I would like to pick your brains about an idea that I have had for some time. It is a website devoted to Black UU women’s artistic and scholarly pursuits. It would be a “gathering” place for their/our voices and works. I see it as the premier location that would draw UUs and others that want to contribute to the small but growing body of works by/for/about Black UU women and girls. It would become a place that would include: research and funding sources, interviews, advice column, music, art, a roving camera, blogs, and different genres of Black women and girls’ expressive works that provide a glimpse into our lives.

My question is, at this point and time in UU history, should I restrict it to Black UU women and girls or should I create a website for UUs of Color and Latinx women and girls?

I need to pose this question before I get ready to hit the go button. I am actually “interviewing” freelancers to build the website. But I decided to pause because I realize this is bigger than me and I do not want to look back years from now and regret having claimed too small or too large a vision. It never occurred to me to do a personal website because that is too small and I want to gather Black UU women’s and girls’ voices.

It is time. It is past time.
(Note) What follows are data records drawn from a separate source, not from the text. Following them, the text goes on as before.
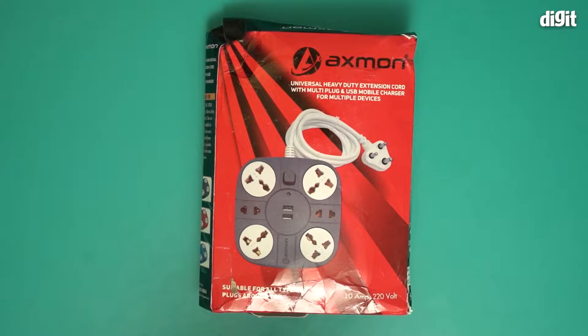Hello and welcome to the unboxing of the AXIMON Universal Heavy Duty extension cord with multiple plug and USB mobile charger for multiple devices.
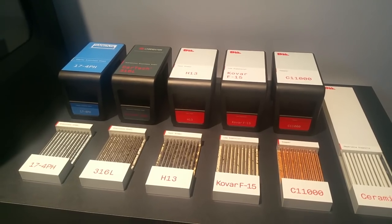We didn't want to launch just a printer, we wanted to launch a system. The sintering furnace is a critical part of the system, so we need to offer it together. The printer and the sintering furnace talk to each other — they know what part they're making, the furnace knows what was printed and knows how to sinter.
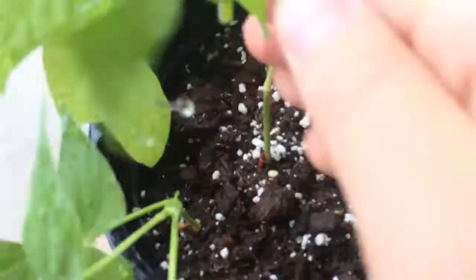I planted four beans. There's one plant, two, three, and a four. They all grew. I'm pretty happy about that. Thanks for watching. Bye.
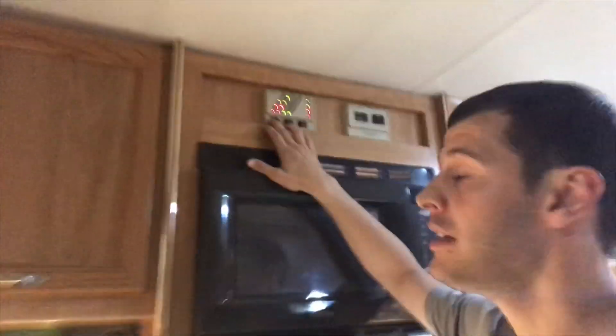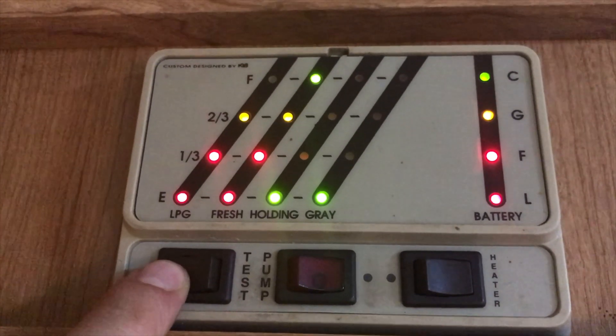Oh well, our holding tank is empty. It actually did force things out of the line. I guess now the big test would be if I flush and it can non-stop run. But I think that worked.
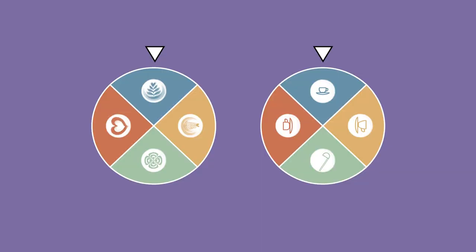All right everyone, it's time for round two, which means we're going to spin the wheel! For round two, baristas, you're going to be pouring your barista's choice into your espresso cup. Let's get frothing!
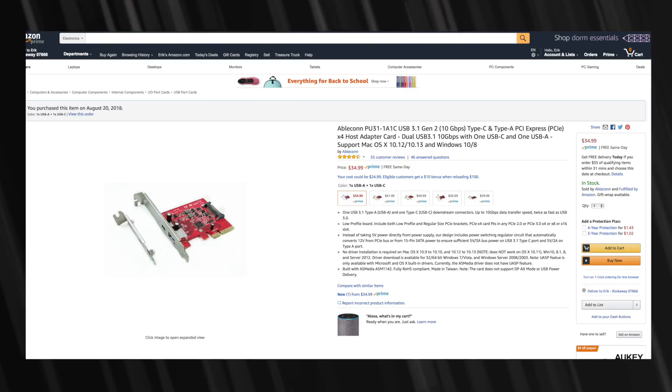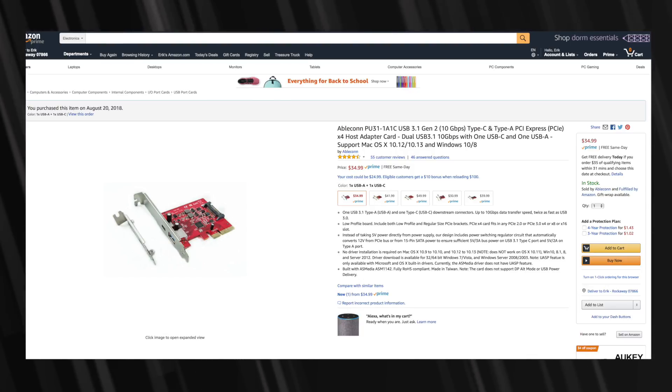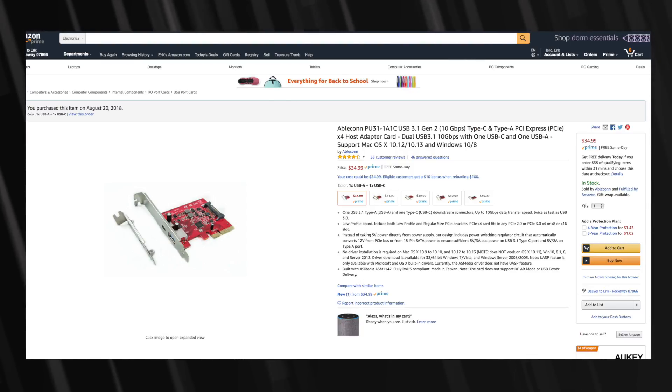So my solution is Amazon. For $35, a company called AbleCon has a PCIe to USB adapter. With this $35 adapter, you will get a Type-A USB 3 port as well as a Type-C USB 3.1 port. This PCIe adapter is already, out of the box, ready to work with OSX.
I cannot tell you what it felt like to research white women’s entry into UU ministry and to find so much history they have documented and books they have produced about their journey. The envy I felt as a writer and researcher, knowing how I had to scrape to find the smallest bit of info about Black clergy women. And not even having benefit of basic information like how many of us there are. And finally realizing that we would have to create what I was looking for because it did not exist.
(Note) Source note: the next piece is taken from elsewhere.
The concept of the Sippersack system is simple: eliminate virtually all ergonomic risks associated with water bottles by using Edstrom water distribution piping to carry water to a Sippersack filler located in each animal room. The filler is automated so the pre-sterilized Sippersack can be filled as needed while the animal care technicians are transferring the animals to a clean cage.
Even as I am writing and reflecting I am getting clearer that I must devote this website strictly to Black UU women (femme, transgender, womxn, non-binary) otherwise, the tendency is to go broad and compromise the depth and richness. And that is not what I want. I want deep, deep, rich, rich conversations and research and thoughtful analyses. Going broad will not produce that.

When I say this is my legacy work I am not just saying some words. This is what I am creating and leaving as a representation of my life. Besides my three children, the work I am doing as a writer, griot and researcher is my next most important contribution. Just as I am reading and poring over others’ works I know one day others will discover my words and read, reflect and form an opinion of who I was and what I attempted to do. I want to know I left something of quality. I want others to feel what I feel when I discover information that broadens my understanding and awareness about Black UUs and their presence. I want them to feel that pride and connection that I feel when I read about the champions and superstars and everyday individuals that came before me.
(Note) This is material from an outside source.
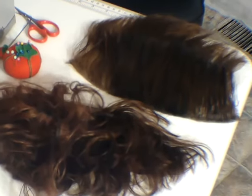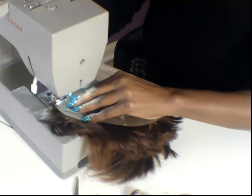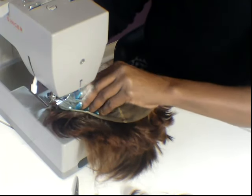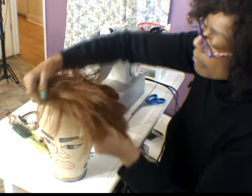I'm going to use my magic to transform these two scrap pieces of hair into a beautiful hair unit, because I am ready for a new look.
Another practical reason to restrict and narrow the focus on Black UU women and girls is the data base in my brain and on my laptop is becoming so extensive that I cannot stay on top of it. I cannot manage it. I must organize all this information while the neurons are still firing. I was going to share the basic “proposal” I had put together but I cannot find it. None of the possibilities that come to mind have caused it to surface. Right now this is a matter of having too much info in my head and needing to empty some of it out. The website allows for that. But I have been around long enough to speak to elders that I interviewed in the early 2000s who now have some memory loss due to the natural aging process or are suffering from dementia. I do not want to leave it to chance that my efforts will be catalogued.

I should probably delete this email because I have answered the question for myself that I originally posed to each of you. But sharing my thoughts helps me stay connected to each of you in ways that this pandemic seeks to sever.